If only I could throw dinner parties for semi-fictional characters…

If only I could throw dinner parties for semi-fictional characters…

I’ve been reading Hillary Mantel’s A Place of Greater Safety, and I’ll admit I don’t like it as well as Wolf Hall.  I don’t feel the same intimacy with Robespierre that Wolf Hall gave me with Thomas Cromwell, and the distance is killing me.  However, I thought readers of the blog might like this dialogue between Camille Desmoulins and a French judge in the early days of the revolution.

“I object to the use of the courts as instruments of the intrusive moralizing state”

“Really?”  The judge leaned forward; he liked to argue generalities.   “As you seem to have wiped the church out of the picture, who is going to make men what they ought to be, if the laws do not do it?”

“Who is to say what men ought to be?”

“If the people elect their lawmakers–which, nowadays, they do–don’t they depute that task to them?”

“But if the people and their deputies were formed by a corrupt society, how are they to make good decisions?  How are they to form a moral society when they have no experience of one?”

“We really are going to get home late,” the judge said.  “We shall be here for six months if we are to do justice to the question.  You mean, how are we to become good when we’re bad?”

“We used to do it through the agency of divine grace.  But the new constitution doesn’t provide for that.”

“How wrong can you be?” the judge said.  “I thought all you fellows were on course for the moral regeneration of humankind.  Doesn’t it worry you that you’re out of step with your friends?”

“Since the Revolution, you’re allowed to dissent, aren’t you?”

I’m seized with the desire to introduce Thomasina from Arcadia into the debate, although she is only speaking of physical entropy, not moral entropy in the quotation below:

THOMASINA: Mr Noaks – bad news from Paris!

NOAKES: Is it the Emperor Napoleon?

THOMASINA: No (She tears the page off her drawing block, with her ‘diagram on it.) It concerns your heat engine. Improve it as you will, you can never get out of it what you put in. It repays eleven pence in the shilling at most.

…(SEPTIMUS retrieves his book from THOMASINA. He turns the pages, and also continues to study Thomasina’s diagram)

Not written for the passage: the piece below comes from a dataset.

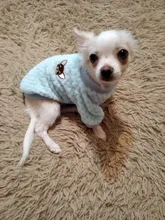 Coat Outfit Pets-Clothing Small Dogs Warm Chihuahua Winter Yorkshire Puppy Schnauzer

SEPTIMUS: Why does it mean Mr. Noakes’s engine pays eleven pence in the shilling? Where does he say it?

…THOMASINA: Oh … yes. Newton’s equations go forwards and backwards, the do not care which way. But the heat equation cares very much, it goes only one way. That is the reason Mr Noakes’ s engine cannot give the power to drive Mr. Noakes’s engine.

SEPTIMUS: Everybody knows that.

THOMASINA: Yes, Septimus, they know it about engines!

In a pre-conversion post, I mentioned how the worst true thing about my worldview might be the impossibility of becoming good when we’re bad.  It could be as impossible as stirring jam backwards out of rice pudding.  The State and the law aren’t up to that task, but they can give us the space and peace to seek out grace.  From St. Thomas More in A Man for All Seasons:

ROPER: So now you’d give the Devil benefit of law!

MORE: Yes. What would you do? Cut a great road through the law to get after the Devil?

ROPER: I’d cut down every law in England to do that!

MORE: Oh? And when the last law was down, and the Devil turned ’round on you, where would you hide, Roper, the laws all being flat? This country’s planted thick with laws from coast to coast– man’s laws, not God’s– and if you cut them down—and you’re just the man to do it—do you really think you could stand upright in the winds that would blow then? Yes, I’d give the Devil benefit of law, for my own safety’s sake.